Records supplied:
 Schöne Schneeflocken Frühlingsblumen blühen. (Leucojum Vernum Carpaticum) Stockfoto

* * *

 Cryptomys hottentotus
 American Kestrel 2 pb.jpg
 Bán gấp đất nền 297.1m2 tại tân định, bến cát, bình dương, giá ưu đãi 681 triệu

Work to complete:
All lines above from the line with "American Kestrel 2 pb.jpg" through the line with "Bán gấp đất", both included, are to be set down exactly, with nothing else.

Task answer:
 American Kestrel 2 pb.jpg
 Bán gấp đất nền 297.1m2 tại tân định, bến cát, bình dương, giá ưu đãi 681 triệu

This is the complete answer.